An object detection, depth estimation and plane surface detection model, trained on a custom dataset containing images of hardhats, vests, masks and boots. Look at the documentation for more details.
clone this repo using
$ git clone https://github.com/firekind/project-fox --recurse-submodules
and refer to the jupyter notebooks in the root directory of the repo to find out how to train. Make sure the required packages are installed from the environment.yml
file.
The directory structure of the dataset is like this:
data
├── images/
├── midas
│ ├── custom.data
│ └── depth
├── planercnn
│ ├── camera.txt
│ ├── custom.data
│ ├── masks
│ └── parameters
├── yolo
│ ├── custom.data
│ ├── custom.names
│ ├── images.shapes
│ ├── labels
│ ├── test.shapes
│ ├── test.txt
│ ├── train.shapes
│ └── train.txt
the images
folder contains all the input images, midas/depth
folder contains the depth image ground truths for the MiDAS portion of the model.
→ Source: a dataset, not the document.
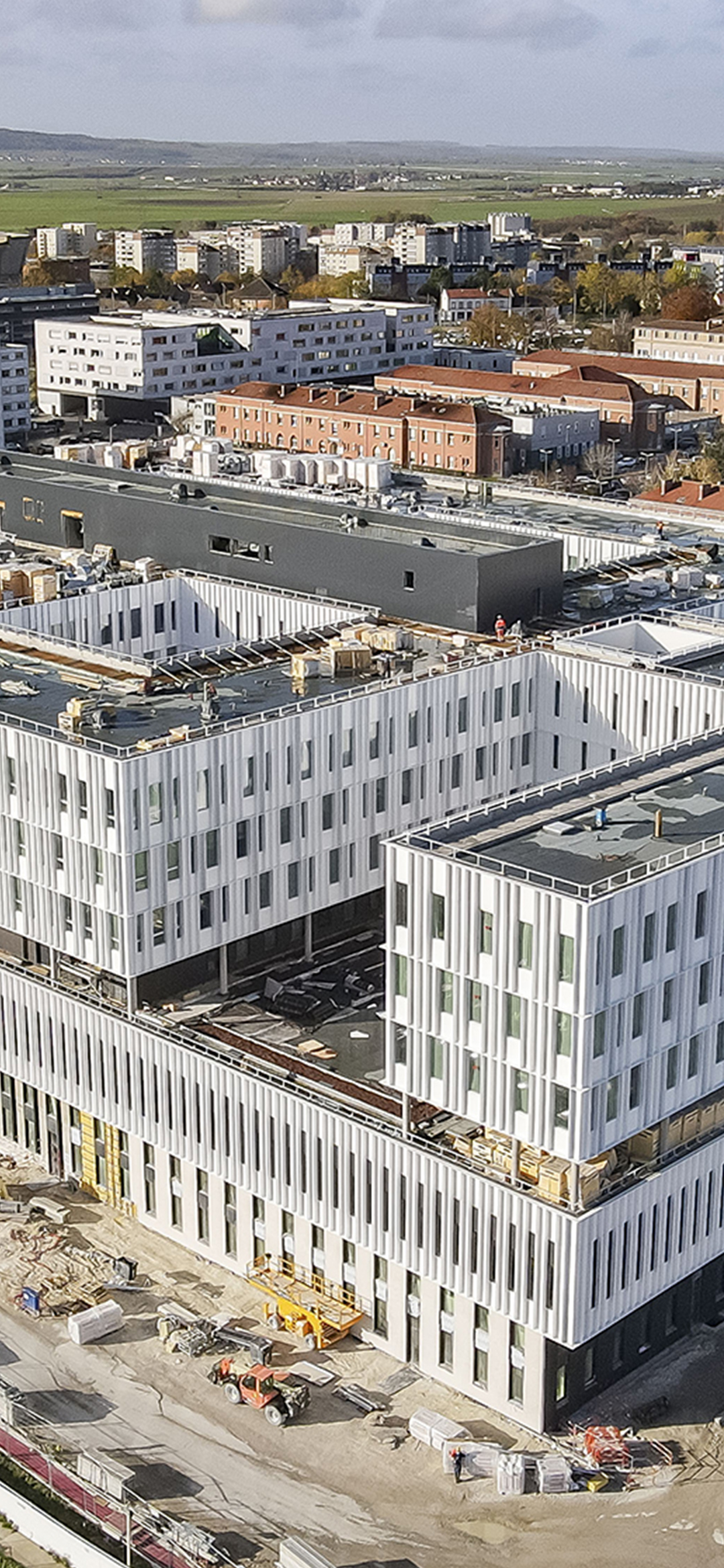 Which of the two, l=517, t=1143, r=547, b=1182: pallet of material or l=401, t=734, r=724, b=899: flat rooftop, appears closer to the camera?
l=401, t=734, r=724, b=899: flat rooftop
The file midas/custom.data
is something like this:
depth=./depth
images=../images
The planercnn/masks
folder contain the plane segmentation images and the planercnn/parameters
folder contain the plane parameters files (refer to this notebook file for more details). camera.txt
is the same as the one used in the inference of vanilla PlaneRCNN. the planercnn/custom.data
file is something like this:
masks=./masks
parameters=./parameters
images=../images
camera=./camera.txt
the yolo
folder is structured the same way as mentioned in the YoloV3 repo.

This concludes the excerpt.